🤖 AI Summary
This work addresses the challenge of unreliable model predictions in magnetic material property forecasting, which arises from data scarcity and out-of-distribution extrapolation. To this end, the authors propose a graph neural network framework integrated with uncertainty quantification. By incorporating Dropout-based Bayesian approximation and a Gaussian negative log-likelihood loss function, the method enables uncertainty-aware modeling for predicting intrinsic properties of permanent magnets and microstructure-driven coercivity. The approach not only significantly enhances the reliability of predictive confidence estimates but also demonstrates, for the first time, the effective transferability of uncertainty quantification strategies across diverse magnetic material modeling tasks. This provides a robust and trustworthy framework for intelligent materials design under limited data conditions.
📝 Abstract
Machine learning is increasingly applied to accelerate the discovery of novel materials by exploring large compositional and structural design spaces. Yet, the scarcity of high-quality data and the frequent need for out-of-distribution prediction introduce substantial uncertainty, making the assessment of model reliability essential. In this work, we investigate uncertainty quantification as a means to evaluate model confidence in the context of permanent magnet research.
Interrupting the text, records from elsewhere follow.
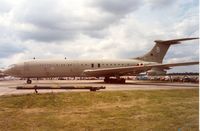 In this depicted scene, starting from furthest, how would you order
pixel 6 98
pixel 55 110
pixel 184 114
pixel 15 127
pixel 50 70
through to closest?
pixel 50 70 < pixel 6 98 < pixel 55 110 < pixel 184 114 < pixel 15 127

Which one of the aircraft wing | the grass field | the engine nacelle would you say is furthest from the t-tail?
the grass field

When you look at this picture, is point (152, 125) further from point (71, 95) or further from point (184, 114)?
point (71, 95)

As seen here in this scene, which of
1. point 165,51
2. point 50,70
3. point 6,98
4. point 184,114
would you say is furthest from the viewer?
point 165,51

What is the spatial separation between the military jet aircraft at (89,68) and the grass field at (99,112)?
21.8 metres

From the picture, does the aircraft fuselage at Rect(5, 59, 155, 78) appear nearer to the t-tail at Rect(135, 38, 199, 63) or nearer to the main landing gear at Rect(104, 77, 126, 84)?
the main landing gear at Rect(104, 77, 126, 84)

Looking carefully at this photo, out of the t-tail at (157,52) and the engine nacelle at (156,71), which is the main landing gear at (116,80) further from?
the t-tail at (157,52)

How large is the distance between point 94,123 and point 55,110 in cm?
414

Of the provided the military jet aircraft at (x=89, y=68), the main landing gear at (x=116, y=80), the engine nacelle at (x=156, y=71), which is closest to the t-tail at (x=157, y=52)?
the military jet aircraft at (x=89, y=68)

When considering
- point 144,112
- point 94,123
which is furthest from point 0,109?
point 144,112

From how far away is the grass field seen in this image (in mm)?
14337

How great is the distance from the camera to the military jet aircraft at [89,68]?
44.2 m

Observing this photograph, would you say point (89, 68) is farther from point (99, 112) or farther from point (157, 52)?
point (99, 112)

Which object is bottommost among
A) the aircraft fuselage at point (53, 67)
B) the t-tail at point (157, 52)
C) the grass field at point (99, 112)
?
the grass field at point (99, 112)

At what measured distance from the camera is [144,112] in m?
17.3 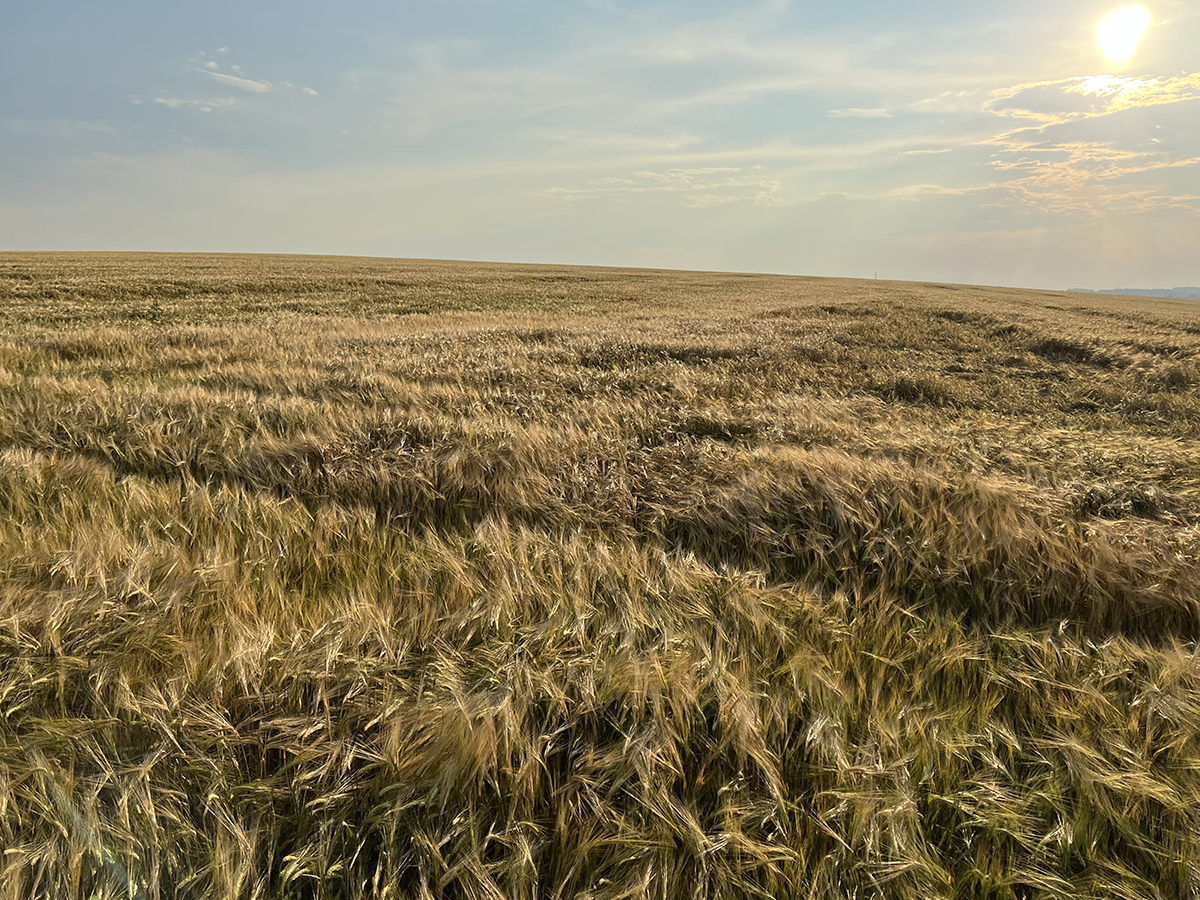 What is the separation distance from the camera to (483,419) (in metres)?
4.17

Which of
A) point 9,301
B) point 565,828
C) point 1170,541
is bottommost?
point 565,828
In a first study, we benchmark classical and modern machine learning models for predicting intrinsic magnetic properties, focusing on the quality of their uncertainty estimates. We apply Gaussian negative log-likelihood loss and dropout-based Bayesian approximation as practical strategies for estimating predictive uncertainty. In a second study, we transfer these architectural features for uncertainty estimation to a more complex task: predicting coercivity from microstructural information using a graph neural network. Together, these studies demonstrate that uncertainty quantification not only enhances the trustworthiness of predictions but is also transferable across different modeling tasks.